He said those negotiations should be conducted transparently and their outcome should guarantee the effective use of the Clean Development Mechanism and ensure that polluters paid for their past emissions. Brazil supported the creation of targets for Annex I countries on the basis of common but differentiated responsibilities for the post-2012 period. However, the Kyoto Protocol did not expire in 2012 and it was therefore inaccurate to refer to a post-Kyoto regime. Those mistaken messages sent the wrong signal and were inconsistent with the magnitude and urgency of the issues at hand.
Developing countries had made voluntary efforts to reduce emissions and their additional contributions should be supported by greater financial and technological transfers from Annex I countries, he said. Last September, Brazil had organized a high-level meeting in Rio de Janeiro on sustainable development governance that aimed to take stock of future options on balancing economic, social and environmental concerns. The meeting had noted the importance of the United Nations leading the process of improving international environmental governance, the institutional structure of which would only be effective after a clear mandate, stable financing and political authority had been established.

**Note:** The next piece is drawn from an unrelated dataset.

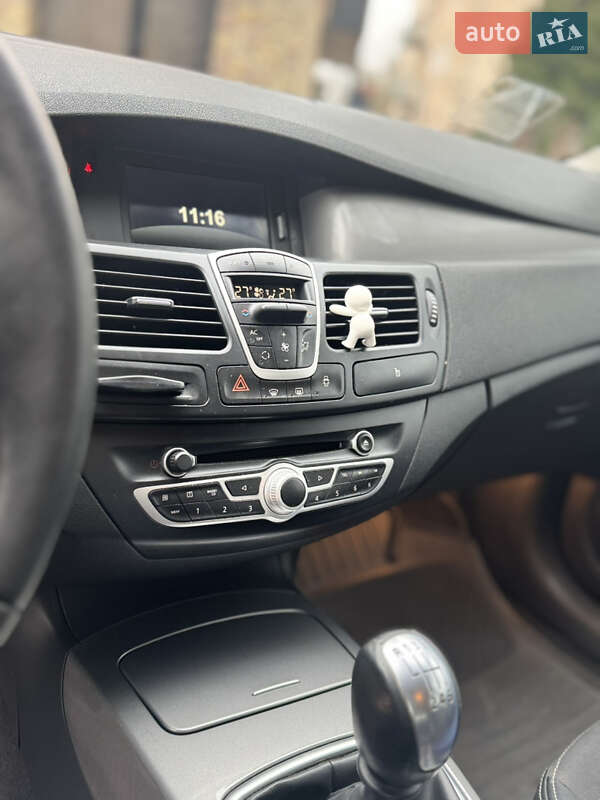 Универсал Renault Laguna 2011 в Тернополе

MICHELA BOVI ( San Marino) said progress on new and renewable energy sources was a key aspect of removing climate change-related obstacles to achieving the Millennium Development Goals. It was very important to share experiences on new and renewable energy sources at international conferences and to involve the participation of civil society and the private sector. San Marino was outlining a national energy plan to effectively promote the use of environment-friendly, new and renewable sources of energy. The new legislation would substantially modify the country’s energy and environmental habits and reduce its dependence on imported energy.
Desertification was also an issue of concern, she said, adding that water scarcity was an obstacle to poverty alleviation and socio-economic development. Education for more sustainable water use as well as effective and efficient water-management strategies should be urgently introduced at all levels. Social policies should be based on sustainable development, environmental education and respect for the planet’s resources. The UNESCO report on threats posed by climate change to natural and cultural sites on the Word Heritage list provided significant examples of the planet’s deterioration and destabilization. The preservation of those resources required immediate action.
IRENE TEMBO ( Zambia) said working towards the achievement of sustainable development was no longer an option but a prerequisite for survival. The world needed an urgent transition from the industrial and high-consumption model of economic growth to a more ecologically-based model of development. Failure to do so would be a recipe for disaster. Zambia was disappointed at the failure to reach consensus at the fifteenth session of the Commission for Sustainable Development and urged all States to work towards a successful outcome at the sixteenth session.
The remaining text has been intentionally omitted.